Exercise data –
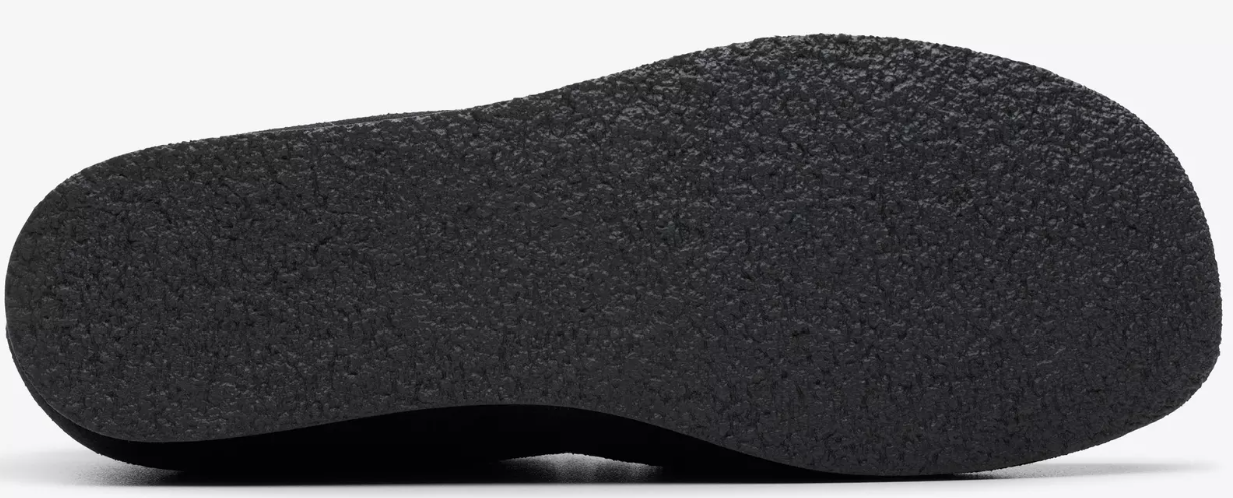 Clarks Wallabee Boot - 26168044 - Black Suede - KIDS / JUNIORS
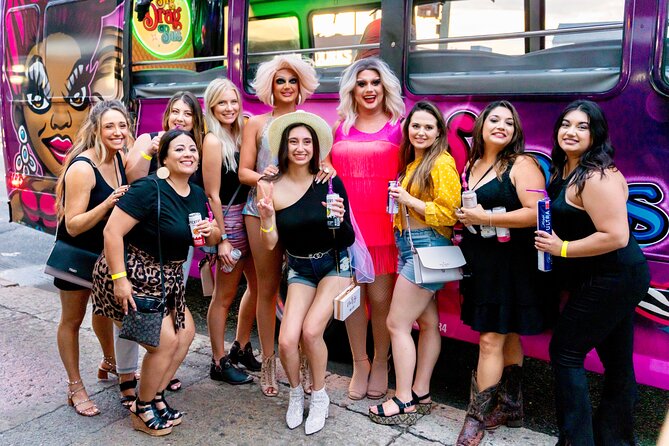 Nashville Party Bus with Drag Queen Hosts & Live Performances - Tipping, drinks, and the true cost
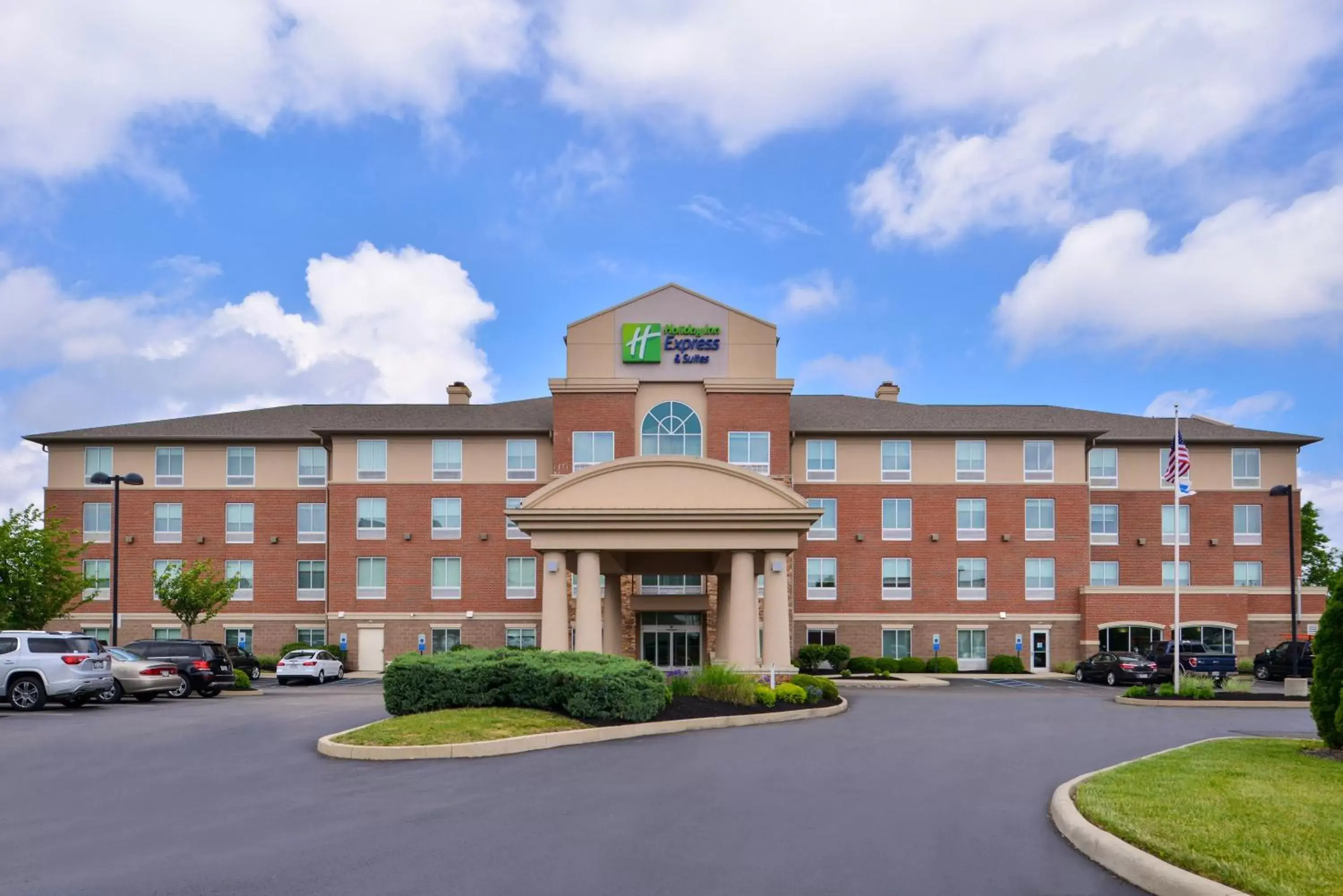 Property Building in Holiday Inn Express Hotel & Suites Cincinnati - Mason, an IHG Hotel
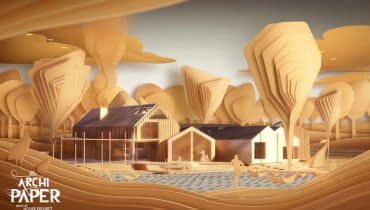 ArchiPaper - kadr z filmu Rafała Barnasia ArchiPaper - kadr z filmu Rafała Barnasia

Exercise goal –
Reproduce the material exactly; keep pictures out.

Task output –
 Clarks Wallabee Boot - 26168044 - Black Suede - KIDS / JUNIORS
 Nashville Party Bus with Drag Queen Hosts & Live Performances - Tipping, drinks, and the true cost
 Property Building in Holiday Inn Express Hotel & Suites Cincinnati - Mason, an IHG Hotel
 ArchiPaper - kadr z filmu Rafała Barnasia ArchiPaper - kadr z filmu Rafała Barnasia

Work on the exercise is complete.